[Captioned web image data]
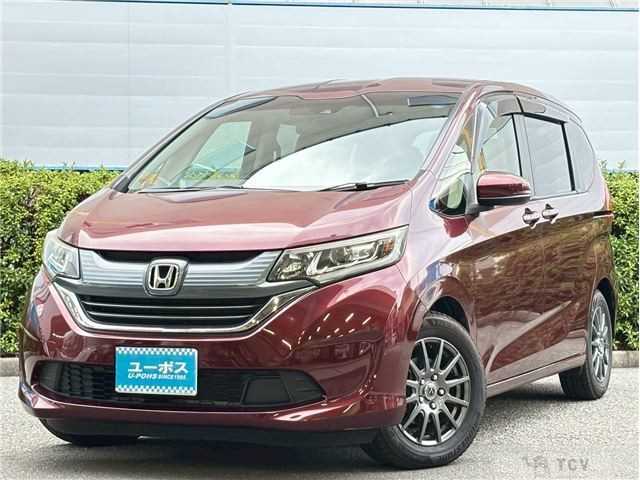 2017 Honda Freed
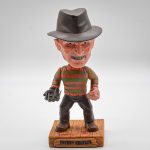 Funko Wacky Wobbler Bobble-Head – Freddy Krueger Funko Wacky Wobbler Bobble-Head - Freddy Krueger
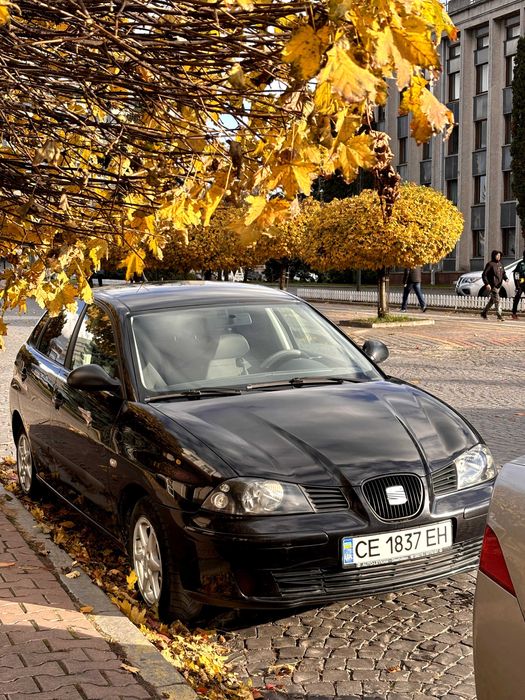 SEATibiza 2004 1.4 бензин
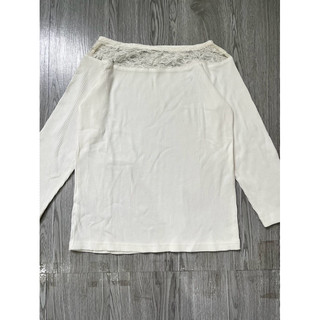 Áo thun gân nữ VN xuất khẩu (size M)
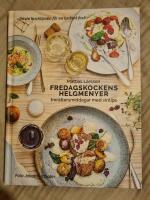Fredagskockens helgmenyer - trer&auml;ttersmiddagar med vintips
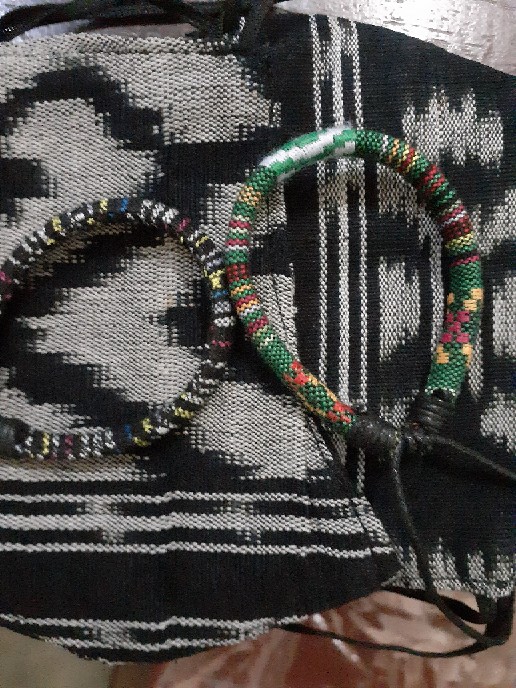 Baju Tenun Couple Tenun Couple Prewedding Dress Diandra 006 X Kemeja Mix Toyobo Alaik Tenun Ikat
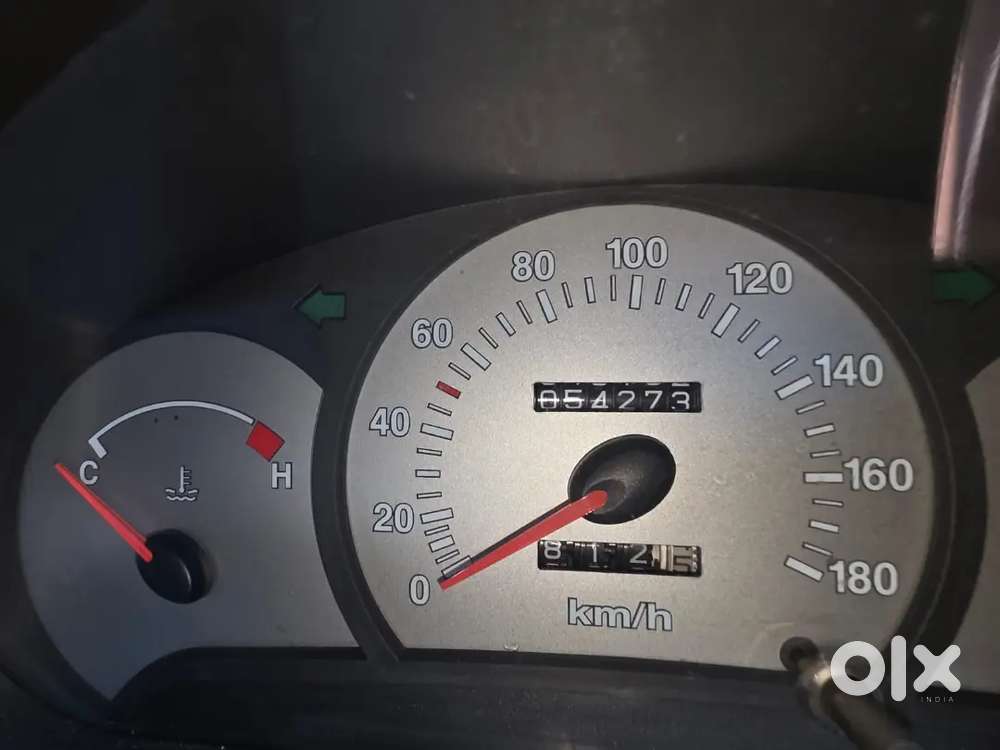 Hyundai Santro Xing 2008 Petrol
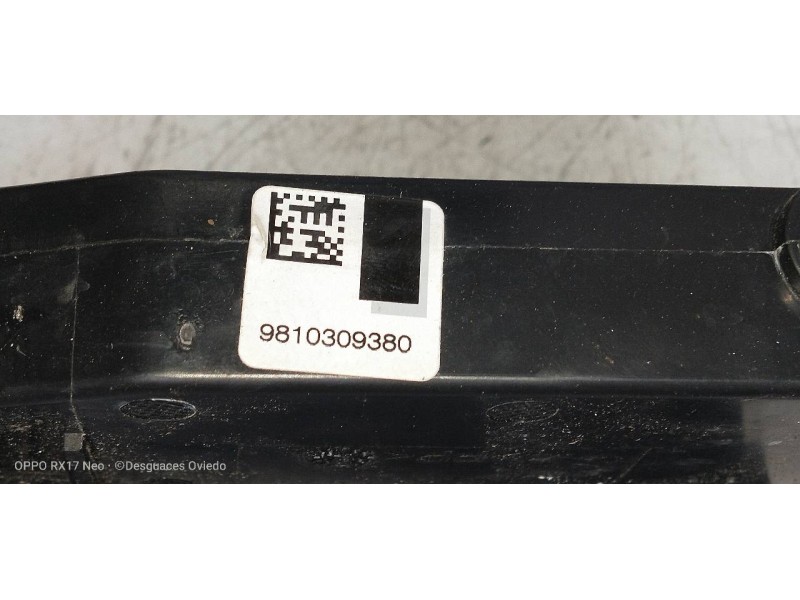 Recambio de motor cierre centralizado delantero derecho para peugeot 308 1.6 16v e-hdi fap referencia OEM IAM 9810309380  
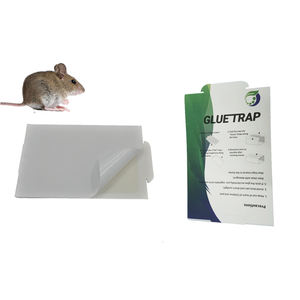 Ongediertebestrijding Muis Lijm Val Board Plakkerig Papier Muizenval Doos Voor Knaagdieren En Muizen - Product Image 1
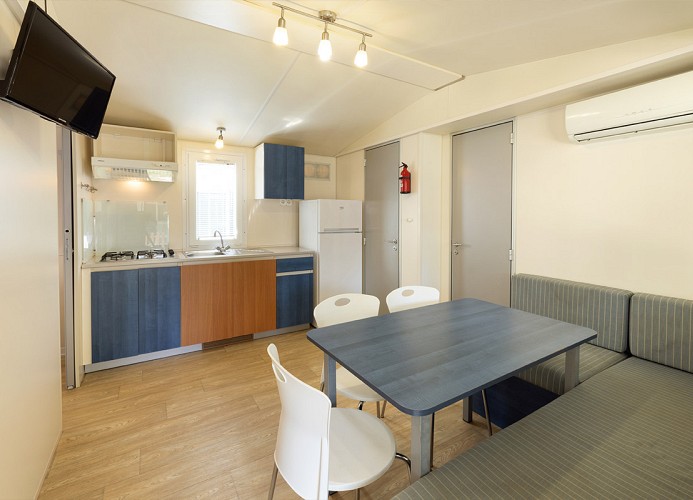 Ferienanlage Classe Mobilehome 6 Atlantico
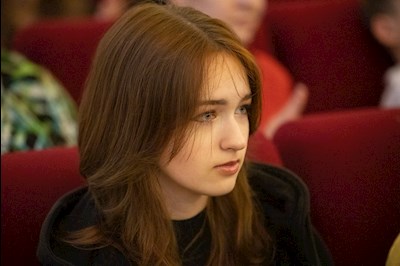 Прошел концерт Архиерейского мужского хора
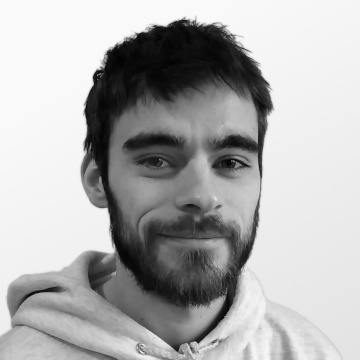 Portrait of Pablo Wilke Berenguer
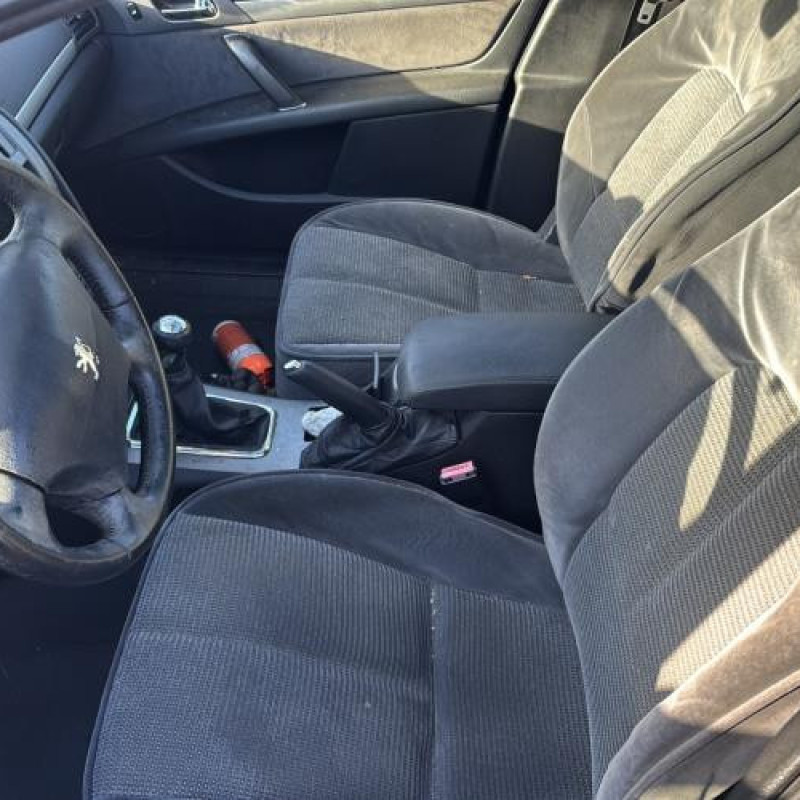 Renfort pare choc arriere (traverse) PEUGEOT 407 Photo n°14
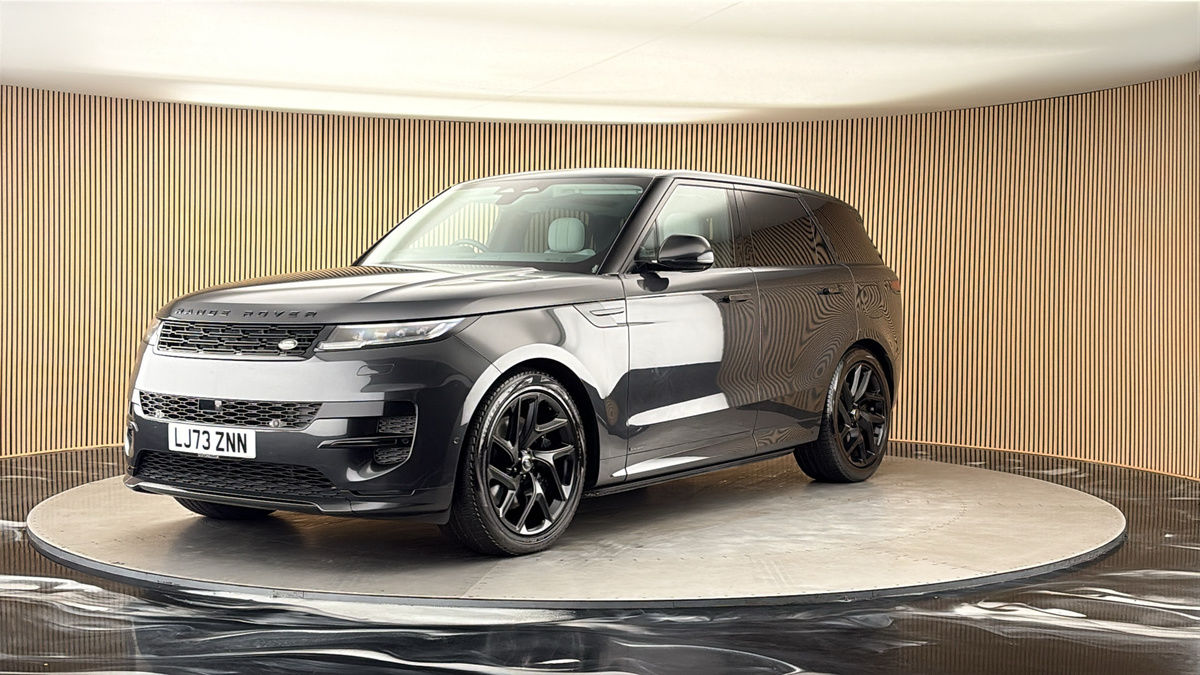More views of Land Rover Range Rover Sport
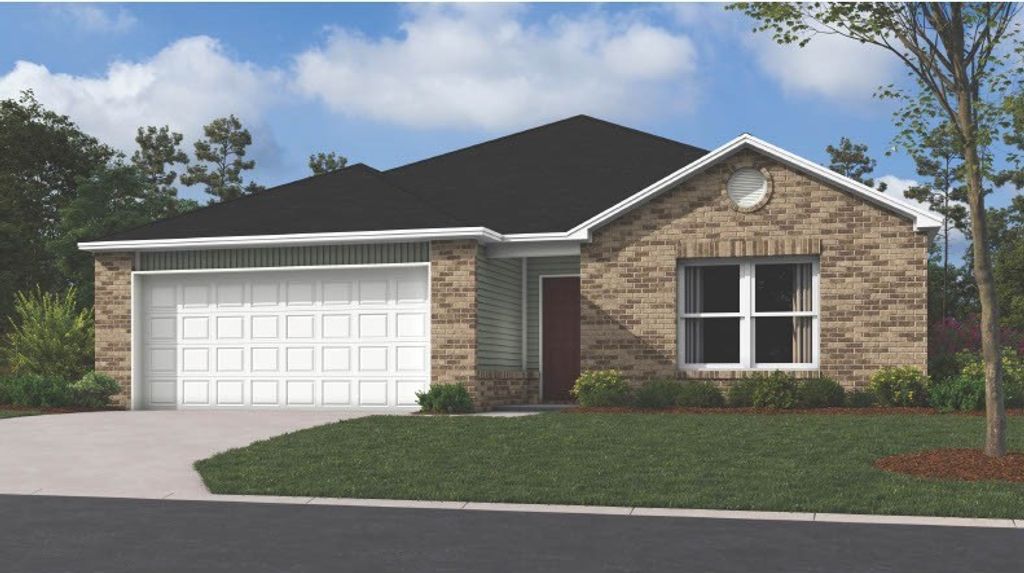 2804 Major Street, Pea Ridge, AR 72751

▶ _Exercise brief_
Beginning at the line that contains "Ferienanlage Classe Mobilehome 6 Atlantico", give the remaining lines of the records again exactly, through the last one. Leave out pictures.

▶ _Result for this exercise_
 Ferienanlage Classe Mobilehome 6 Atlantico
 Прошел концерт Архиерейского мужского хора
 Portrait of Pablo Wilke Berenguer
 Renfort pare choc arriere (traverse) PEUGEOT 407 Photo n°14
More views of Land Rover Range Rover Sport
 2804 Major Street, Pea Ridge, AR 72751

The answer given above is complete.